Saturday, October 27, 2012

Not the same thing.

Wonder how translation works? You need to know at least two languages perfectly for translating a text. Say, you obtain a text in one language and are asked to translate it to the other. You simply find a dictionary and that's that. Sounds easy enough.

But language isn't mechanical that way. It is an art; words have shades, like colors. Emotions have shades and each shade has its word, with its own shade. It is like inception; it is complex. Translation mustn't just happen at the niveau of the text.

I could never understand how a single language could be sufficient. The beauty of language lies in its multiplicity. When you pick up more languages as you go, it just becomes that much easier to express stuff; it takes that extra mile to bring you home.

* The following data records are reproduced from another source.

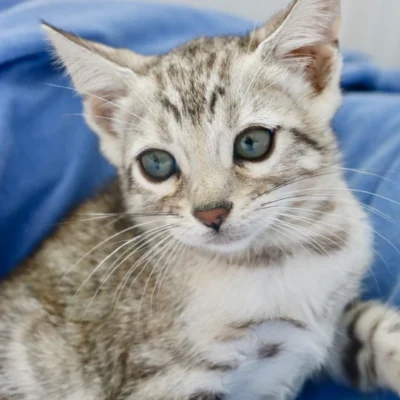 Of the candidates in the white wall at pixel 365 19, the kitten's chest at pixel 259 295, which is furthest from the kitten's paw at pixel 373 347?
the white wall at pixel 365 19

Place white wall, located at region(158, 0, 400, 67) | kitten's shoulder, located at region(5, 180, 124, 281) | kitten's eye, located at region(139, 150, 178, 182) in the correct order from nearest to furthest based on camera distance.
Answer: kitten's eye, located at region(139, 150, 178, 182), kitten's shoulder, located at region(5, 180, 124, 281), white wall, located at region(158, 0, 400, 67)

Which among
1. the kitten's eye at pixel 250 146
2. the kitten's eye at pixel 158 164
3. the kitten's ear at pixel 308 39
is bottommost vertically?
the kitten's eye at pixel 158 164

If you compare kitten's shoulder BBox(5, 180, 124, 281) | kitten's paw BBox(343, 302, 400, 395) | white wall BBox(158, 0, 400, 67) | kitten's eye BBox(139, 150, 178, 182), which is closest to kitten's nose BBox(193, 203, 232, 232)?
kitten's eye BBox(139, 150, 178, 182)

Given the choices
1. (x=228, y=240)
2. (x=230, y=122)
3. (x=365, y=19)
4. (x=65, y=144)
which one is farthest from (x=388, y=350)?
(x=365, y=19)

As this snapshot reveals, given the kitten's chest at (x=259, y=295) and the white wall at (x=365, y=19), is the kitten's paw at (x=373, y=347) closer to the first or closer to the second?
the kitten's chest at (x=259, y=295)

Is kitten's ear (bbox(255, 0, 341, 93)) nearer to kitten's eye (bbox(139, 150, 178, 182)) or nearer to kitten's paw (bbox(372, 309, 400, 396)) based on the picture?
kitten's eye (bbox(139, 150, 178, 182))

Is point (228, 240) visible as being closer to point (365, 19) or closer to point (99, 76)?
point (99, 76)

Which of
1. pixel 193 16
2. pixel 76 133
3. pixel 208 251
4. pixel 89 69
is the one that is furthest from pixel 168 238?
pixel 193 16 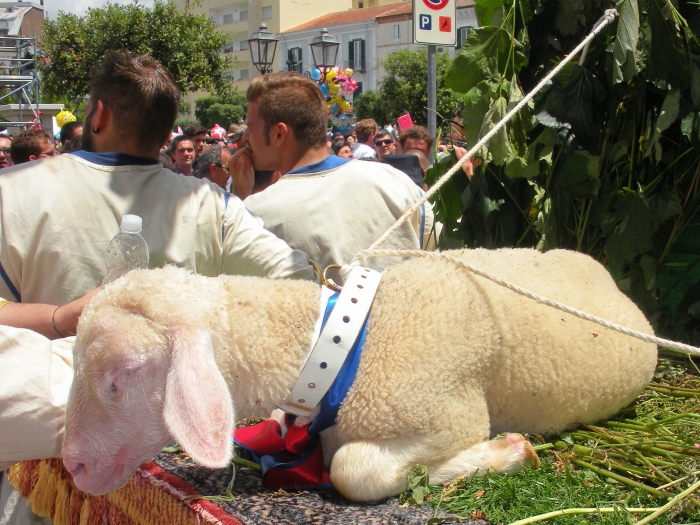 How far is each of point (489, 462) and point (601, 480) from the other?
27 centimetres

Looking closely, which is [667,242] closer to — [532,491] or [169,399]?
[532,491]

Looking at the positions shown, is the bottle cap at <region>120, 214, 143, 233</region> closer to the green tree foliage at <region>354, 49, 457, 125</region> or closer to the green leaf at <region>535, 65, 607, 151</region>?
the green leaf at <region>535, 65, 607, 151</region>

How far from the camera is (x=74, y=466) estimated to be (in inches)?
62.4

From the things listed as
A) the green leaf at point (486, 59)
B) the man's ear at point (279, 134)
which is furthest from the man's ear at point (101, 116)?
the green leaf at point (486, 59)

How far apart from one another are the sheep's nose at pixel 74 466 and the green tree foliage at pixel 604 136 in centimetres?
172

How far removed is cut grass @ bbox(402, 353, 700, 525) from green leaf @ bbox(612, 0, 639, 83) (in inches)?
43.7

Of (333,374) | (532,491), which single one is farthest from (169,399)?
(532,491)

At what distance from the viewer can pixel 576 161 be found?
96.4 inches

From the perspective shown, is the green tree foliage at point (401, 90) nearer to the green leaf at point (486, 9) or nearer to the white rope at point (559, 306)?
the green leaf at point (486, 9)

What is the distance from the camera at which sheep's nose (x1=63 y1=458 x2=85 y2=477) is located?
61.9 inches

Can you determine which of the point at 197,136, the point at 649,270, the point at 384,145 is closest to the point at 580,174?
the point at 649,270

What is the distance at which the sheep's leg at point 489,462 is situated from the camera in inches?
65.7

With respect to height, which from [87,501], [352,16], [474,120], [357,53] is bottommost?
[87,501]

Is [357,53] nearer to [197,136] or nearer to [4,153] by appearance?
[197,136] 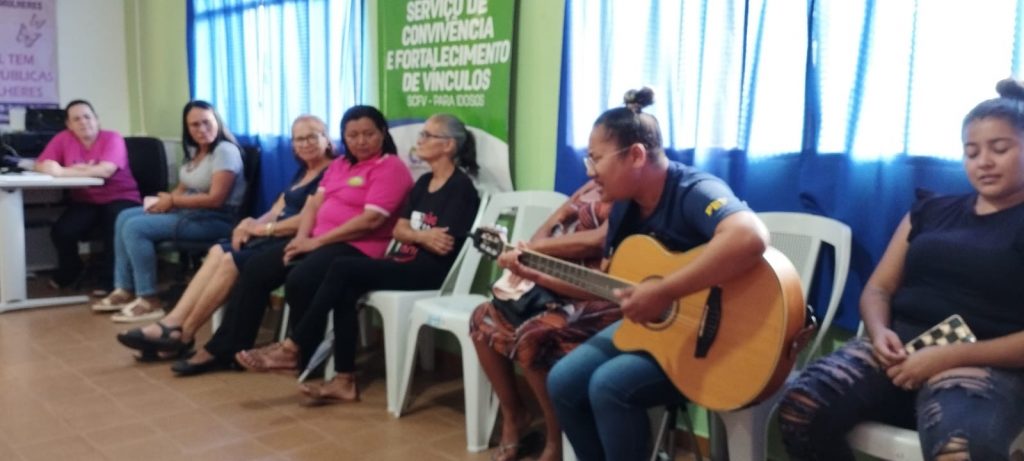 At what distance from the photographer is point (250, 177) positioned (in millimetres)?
4297

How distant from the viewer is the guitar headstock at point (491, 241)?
227cm

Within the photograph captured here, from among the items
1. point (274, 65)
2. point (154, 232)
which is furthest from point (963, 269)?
point (154, 232)

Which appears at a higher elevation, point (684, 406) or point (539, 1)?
point (539, 1)

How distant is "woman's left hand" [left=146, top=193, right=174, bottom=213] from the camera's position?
424 centimetres

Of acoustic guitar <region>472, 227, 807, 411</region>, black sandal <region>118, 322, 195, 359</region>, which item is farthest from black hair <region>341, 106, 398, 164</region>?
acoustic guitar <region>472, 227, 807, 411</region>

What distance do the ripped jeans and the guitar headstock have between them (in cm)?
86

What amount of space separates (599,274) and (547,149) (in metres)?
1.05

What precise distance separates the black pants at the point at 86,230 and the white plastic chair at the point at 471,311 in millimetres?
2668

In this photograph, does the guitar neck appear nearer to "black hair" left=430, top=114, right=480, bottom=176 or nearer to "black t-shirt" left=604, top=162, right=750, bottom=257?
"black t-shirt" left=604, top=162, right=750, bottom=257

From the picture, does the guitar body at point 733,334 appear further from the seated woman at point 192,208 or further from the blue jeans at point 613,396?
the seated woman at point 192,208

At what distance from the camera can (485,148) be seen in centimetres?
307

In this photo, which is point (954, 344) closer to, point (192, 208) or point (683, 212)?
point (683, 212)

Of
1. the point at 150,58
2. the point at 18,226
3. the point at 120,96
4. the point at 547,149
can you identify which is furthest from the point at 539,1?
the point at 120,96

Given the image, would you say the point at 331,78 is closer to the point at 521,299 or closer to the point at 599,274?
the point at 521,299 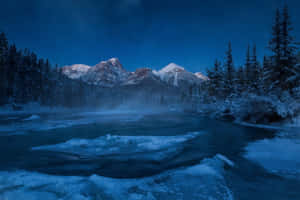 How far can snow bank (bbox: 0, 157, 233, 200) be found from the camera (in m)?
3.26

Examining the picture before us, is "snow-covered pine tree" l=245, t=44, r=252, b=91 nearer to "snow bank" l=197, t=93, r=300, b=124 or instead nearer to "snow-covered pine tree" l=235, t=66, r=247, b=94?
"snow-covered pine tree" l=235, t=66, r=247, b=94

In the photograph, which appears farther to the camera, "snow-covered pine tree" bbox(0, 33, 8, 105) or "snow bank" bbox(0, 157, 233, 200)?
"snow-covered pine tree" bbox(0, 33, 8, 105)

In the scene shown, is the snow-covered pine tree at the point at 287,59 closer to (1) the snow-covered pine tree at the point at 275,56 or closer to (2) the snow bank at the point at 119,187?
(1) the snow-covered pine tree at the point at 275,56

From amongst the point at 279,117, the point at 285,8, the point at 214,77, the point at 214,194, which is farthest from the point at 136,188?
the point at 214,77

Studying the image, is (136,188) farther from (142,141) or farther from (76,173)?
(142,141)

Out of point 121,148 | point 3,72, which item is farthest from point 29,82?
point 121,148

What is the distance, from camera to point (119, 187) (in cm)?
368

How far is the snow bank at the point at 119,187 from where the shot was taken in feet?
10.7

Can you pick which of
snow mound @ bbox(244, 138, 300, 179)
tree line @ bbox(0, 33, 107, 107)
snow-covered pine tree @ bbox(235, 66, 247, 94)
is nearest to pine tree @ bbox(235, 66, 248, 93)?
snow-covered pine tree @ bbox(235, 66, 247, 94)

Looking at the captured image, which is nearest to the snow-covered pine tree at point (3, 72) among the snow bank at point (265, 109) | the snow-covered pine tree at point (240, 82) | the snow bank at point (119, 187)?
the snow bank at point (119, 187)

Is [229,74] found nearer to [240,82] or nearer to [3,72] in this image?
[240,82]

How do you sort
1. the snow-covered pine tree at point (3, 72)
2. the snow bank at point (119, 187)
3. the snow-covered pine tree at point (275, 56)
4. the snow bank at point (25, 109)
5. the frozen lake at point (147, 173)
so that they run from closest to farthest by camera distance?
1. the snow bank at point (119, 187)
2. the frozen lake at point (147, 173)
3. the snow-covered pine tree at point (275, 56)
4. the snow bank at point (25, 109)
5. the snow-covered pine tree at point (3, 72)

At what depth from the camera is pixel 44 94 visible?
56.8 meters

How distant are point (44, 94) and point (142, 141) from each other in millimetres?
63140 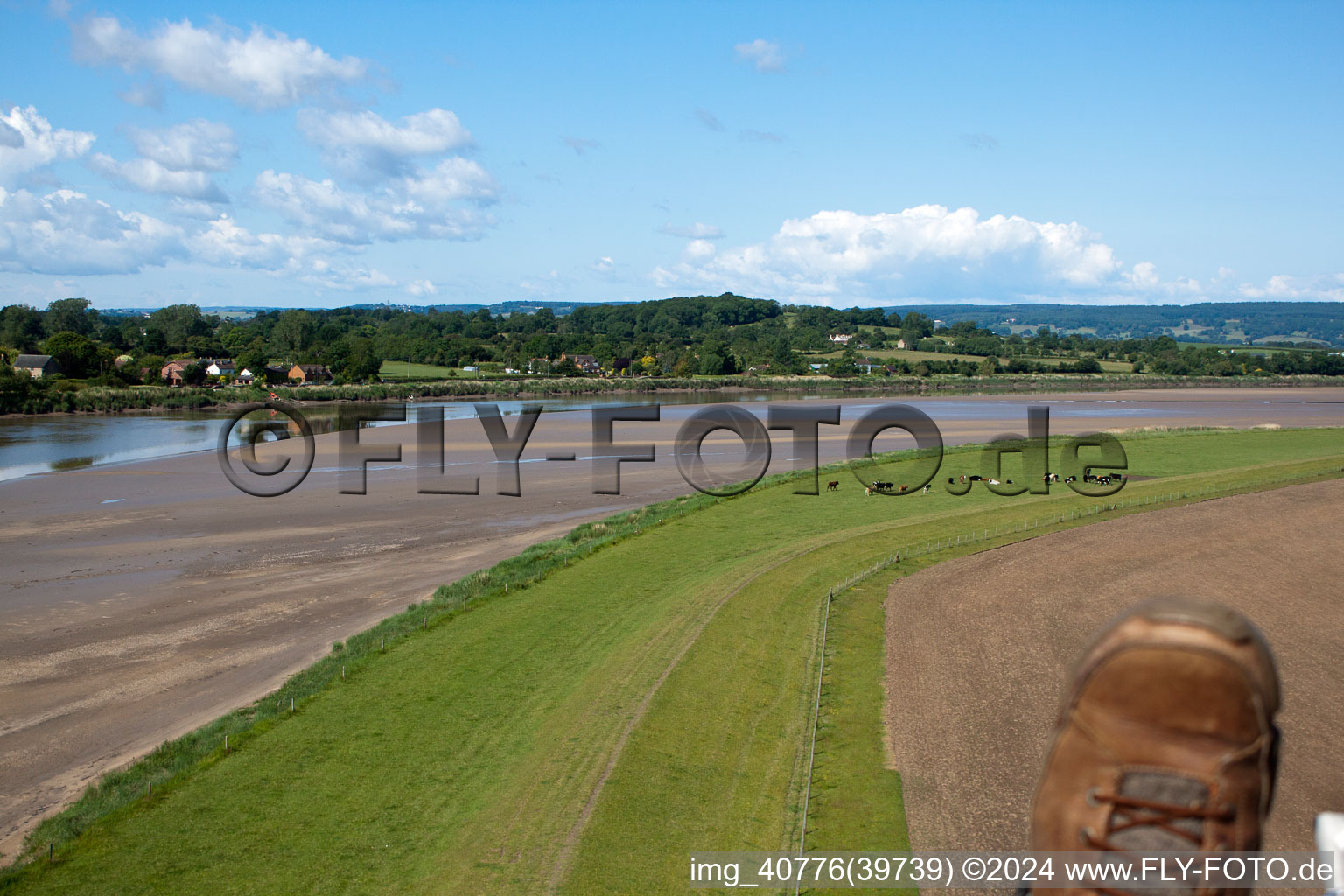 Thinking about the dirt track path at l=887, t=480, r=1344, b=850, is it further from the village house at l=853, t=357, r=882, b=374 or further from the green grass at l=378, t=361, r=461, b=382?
the village house at l=853, t=357, r=882, b=374

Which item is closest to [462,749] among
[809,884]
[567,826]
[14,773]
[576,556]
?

For instance, 'sundar' or 'belle' cannot convey the weight of 'khoobsurat' or 'brahmadham'. 'Twilight' isn't an appropriate fit for sentences where 'aube' can do better. 'hair' or 'cheveux' can't say exactly what 'zulfein' means. 'eyelids' and 'kannamudi' are just  sad excuses to the meaning that 'palakein' subscribes. 'nasheela' has not the connotation that 'sultry' implies.Earlier in the post, the word 'level' could not mean what I meant by 'niveau'.They don't fit.

Even within the same language, 'impossible' is not the same as 'incredible'; 'rage' isn't 'anger'. 'Tristesse' is poles apart from 'douleur'. 'naina' isn't the same as 'aankhein'; 'sayankaal' and 'sandhyakaal' mean different to different people. Synonyms fail, plusieurs fois.


Translation might work to bring people speaking different languages closer, but at what cost? Yes, they mean the same, but the 'arth' just isn't the same. If I had it in me, I would go beyond the languages I know and create one, like Shakespeare or Rimbaud (pronounced: Rambo) did. What they meant by creating words is that, we define the world with the words in our dictionary, but what about those moments of speechlessness, those instances of indefinite 'flood of emotions', that 'kshan' when you open your mouth and shut it, because you just don't know what that particular emotion is called?

And what about hallucinations? What about fantasy, reverie, other states of consciousness. All those times you described something as a 'blinding white light', could you be sure it was actually a blinding white light and nothing else? Could you believe your own words?

When you break it down, you find that the inspiration is what differs; it is the 'prerna' that makes a word what it is. You can't use two words having different inspirations to mean the same. It doesn't work that way.

Punctuation, pronunciation, even body language work along the same lines. Language isn't just bits of grammar and syntax that are put together to form something; it is more like a jigsaw puzzle.You don't have to be metaphysical to see it; because when a word fits perfectly, you just know it.